In this post we will look at how hpcrun-flat can be used to profile an MPI application. The program we will look at solves a concurrent wave equation using point-to-point communications.

We will download and build perftools. We will then run the application under hpcrun-flat. hpcrun-flat statistically profiles application functions, and figures out the approximate time spent in each function or module.

Finally, we will upload the data to PerfBrowser Cloud, and see some pretty plots in our browser!

Build perftools

Let’s download and build perftools:

$ git clone https://github.com/tushar-mohan/perftools.git
$ cd perftools

Before we start the build, let’s make sure we have the build dependencies:

$ ./build.sh --checkdeps
Checking dependencies.. 
gcc.. ok
g++.. ok
gfortran.. ok
mpicc.. ok
mpirun.. ok
patch.. ok
curl.. ok
python.. ok
cmake.. ok
autoconf.. ok
bunzip2.. ok

All build dependencies satisfied.

If you encounter problems with build dependencies, check out the documentation for your Linux distro.

Let’s fire the build. We will add the --all flag to build the full perftools’ suite, including hpctoolkit.

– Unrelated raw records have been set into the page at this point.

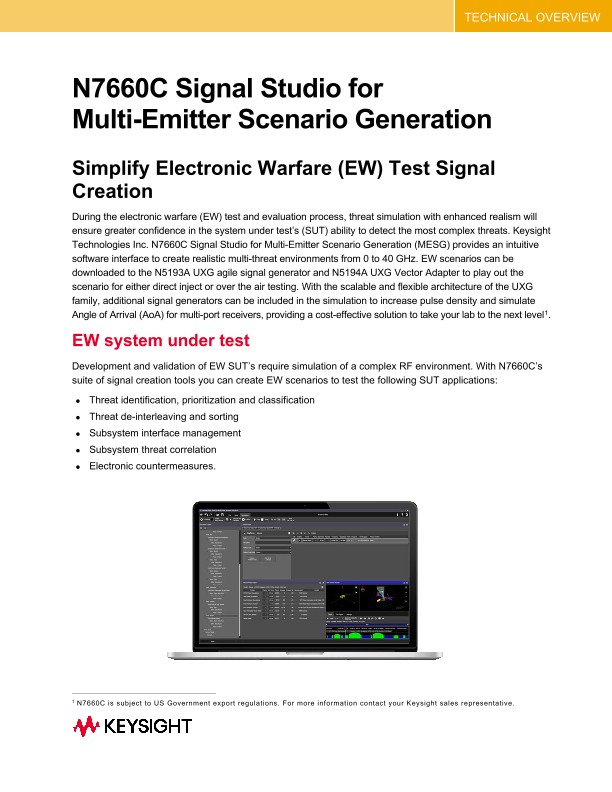 N7660C Signal Studio for Multi-Emitter Scenario Generation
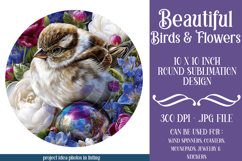 Birds &amp; Flowers Round Design, 10x10 Round Sublimation, d31 Product Image 1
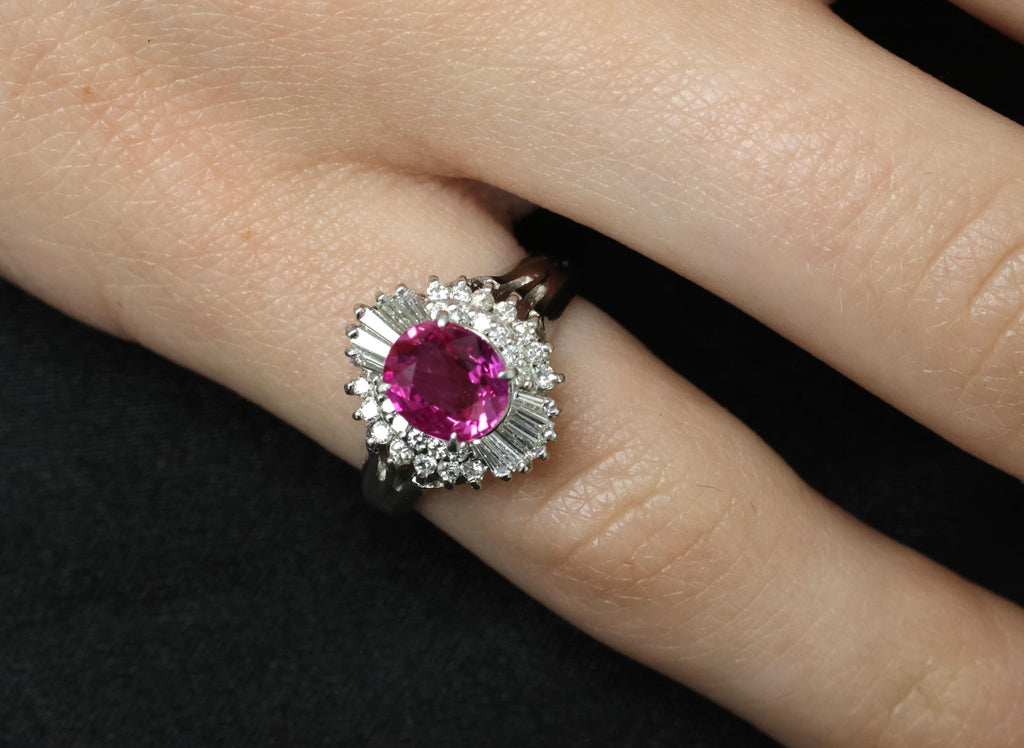 1.21ct GIA Burma No Heat Pink Sapphire & 0.40ct Diamond Platinum Ring, Size 4.5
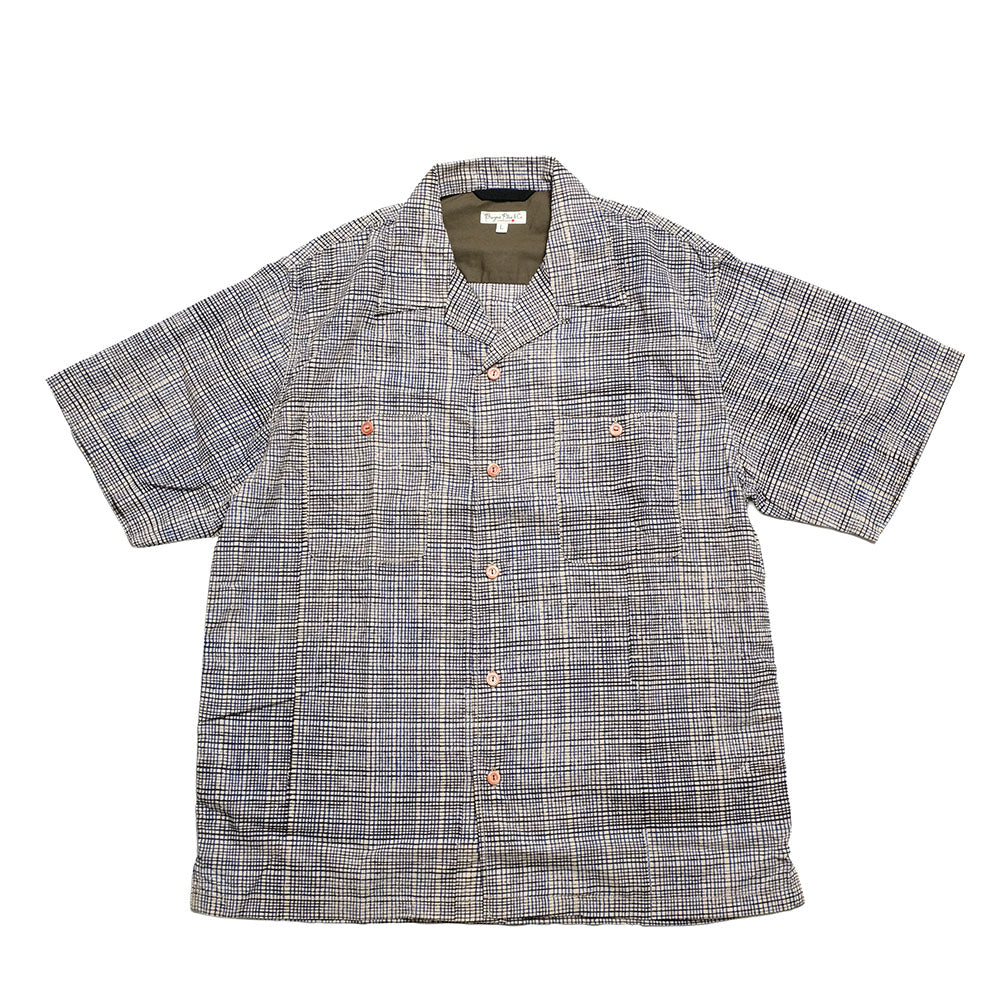 BURGUS PLUS Open Collar Batik Shirt BP25503-NV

This takes approximately 30 minutes, so make sure you have coffee at hand!

$ ./build.sh --all

If all goes well, the output will contain something like:

=======================================================================
Tools are installed in:
/home/tushar/perftools/perftools-1.2.1

To use the tools
----------------
module load /home/tushar/perftools/perftools-1.2.1/perftools
	   - or -
source /home/tushar/perftools/perftools-1.2.1/perftools.sh
	   - or -
source /home/tushar/perftools/perftools-1.2.1/perftools.csh

To test install:
make test
make fulltest
=======================================================================

So perftools were built, and installed in the subdirectory perftools-1.2.1.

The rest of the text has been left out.